■ THE TASK
The records that follow must be transcribed in full, without any change.

■ MATERIAL FOR THIS EXERCISE
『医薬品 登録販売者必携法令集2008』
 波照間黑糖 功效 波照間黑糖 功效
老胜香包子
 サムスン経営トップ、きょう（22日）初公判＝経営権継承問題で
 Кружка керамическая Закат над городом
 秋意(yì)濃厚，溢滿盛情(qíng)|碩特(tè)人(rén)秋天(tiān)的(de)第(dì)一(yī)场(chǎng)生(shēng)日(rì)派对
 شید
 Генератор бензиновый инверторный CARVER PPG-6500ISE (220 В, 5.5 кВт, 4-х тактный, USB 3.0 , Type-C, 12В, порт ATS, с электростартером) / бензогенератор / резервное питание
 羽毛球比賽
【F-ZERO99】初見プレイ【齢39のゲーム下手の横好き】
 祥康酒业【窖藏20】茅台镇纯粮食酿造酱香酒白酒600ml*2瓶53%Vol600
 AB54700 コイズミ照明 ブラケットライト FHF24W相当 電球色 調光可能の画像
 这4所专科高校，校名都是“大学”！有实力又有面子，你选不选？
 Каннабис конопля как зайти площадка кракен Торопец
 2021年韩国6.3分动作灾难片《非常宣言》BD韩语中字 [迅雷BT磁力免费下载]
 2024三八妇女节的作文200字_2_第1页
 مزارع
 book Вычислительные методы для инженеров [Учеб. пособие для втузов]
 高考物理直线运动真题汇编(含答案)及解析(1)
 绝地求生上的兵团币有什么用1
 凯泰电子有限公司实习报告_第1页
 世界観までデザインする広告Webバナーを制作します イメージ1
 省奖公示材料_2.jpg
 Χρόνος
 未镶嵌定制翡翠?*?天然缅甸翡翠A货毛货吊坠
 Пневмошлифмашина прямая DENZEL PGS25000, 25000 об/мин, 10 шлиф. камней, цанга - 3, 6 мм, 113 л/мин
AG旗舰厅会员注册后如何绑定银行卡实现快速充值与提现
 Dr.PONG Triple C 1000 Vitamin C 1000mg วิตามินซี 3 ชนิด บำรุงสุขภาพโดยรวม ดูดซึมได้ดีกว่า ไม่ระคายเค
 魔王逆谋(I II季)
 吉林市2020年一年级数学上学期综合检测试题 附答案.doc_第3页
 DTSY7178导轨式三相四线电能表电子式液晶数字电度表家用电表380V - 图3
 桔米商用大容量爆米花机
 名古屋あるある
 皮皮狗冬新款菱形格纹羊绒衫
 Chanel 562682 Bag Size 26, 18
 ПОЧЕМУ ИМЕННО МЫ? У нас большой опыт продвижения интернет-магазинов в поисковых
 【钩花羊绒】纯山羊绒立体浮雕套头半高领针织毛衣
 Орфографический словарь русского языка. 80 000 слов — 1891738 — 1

■ TASK ANSWER
『医薬品 登録販売者必携法令集2008』
 波照間黑糖 功效 波照間黑糖 功效
老胜香包子
 サムスン経営トップ、きょう（22日）初公判＝経営権継承問題で
 Кружка керамическая Закат над городом
 秋意(yì)濃厚，溢滿盛情(qíng)|碩特(tè)人(rén)秋天(tiān)的(de)第(dì)一(yī)场(chǎng)生(shēng)日(rì)派对
 شید
 Генератор бензиновый инверторный CARVER PPG-6500ISE (220 В, 5.5 кВт, 4-х тактный, USB 3.0 , Type-C, 12В, порт ATS, с электростартером) / бензогенератор / резервное питание
 羽毛球比賽
【F-ZERO99】初見プレイ【齢39のゲーム下手の横好き】
 祥康酒业【窖藏20】茅台镇纯粮食酿造酱香酒白酒600ml*2瓶53%Vol600
 AB54700 コイズミ照明 ブラケットライト FHF24W相当 電球色 調光可能の画像
 这4所专科高校，校名都是“大学”！有实力又有面子，你选不选？
 Каннабис конопля как зайти площадка кракен Торопец
 2021年韩国6.3分动作灾难片《非常宣言》BD韩语中字 [迅雷BT磁力免费下载]
 2024三八妇女节的作文200字_2_第1页
 مزارع
 book Вычислительные методы для инженеров [Учеб. пособие для втузов]
 高考物理直线运动真题汇编(含答案)及解析(1)
 绝地求生上的兵团币有什么用1
 凯泰电子有限公司实习报告_第1页
 世界観までデザインする広告Webバナーを制作します イメージ1
 省奖公示材料_2.jpg
 Χρόνος
 未镶嵌定制翡翠?*?天然缅甸翡翠A货毛货吊坠
 Пневмошлифмашина прямая DENZEL PGS25000, 25000 об/мин, 10 шлиф. камней, цанга - 3, 6 мм, 113 л/мин
AG旗舰厅会员注册后如何绑定银行卡实现快速充值与提现
 Dr.PONG Triple C 1000 Vitamin C 1000mg วิตามินซี 3 ชนิด บำรุงสุขภาพโดยรวม ดูดซึมได้ดีกว่า ไม่ระคายเค
 魔王逆谋(I II季)
 吉林市2020年一年级数学上学期综合检测试题 附答案.doc_第3页
 DTSY7178导轨式三相四线电能表电子式液晶数字电度表家用电表380V - 图3
 桔米商用大容量爆米花机
 名古屋あるある
 皮皮狗冬新款菱形格纹羊绒衫
 Chanel 562682 Bag Size 26, 18
 ПОЧЕМУ ИМЕННО МЫ? У нас большой опыт продвижения интернет-магазинов в поисковых
 【钩花羊绒】纯山羊绒立体浮雕套头半高领针织毛衣
 Орфографический словарь русского языка. 80 000 слов — 1891738 — 1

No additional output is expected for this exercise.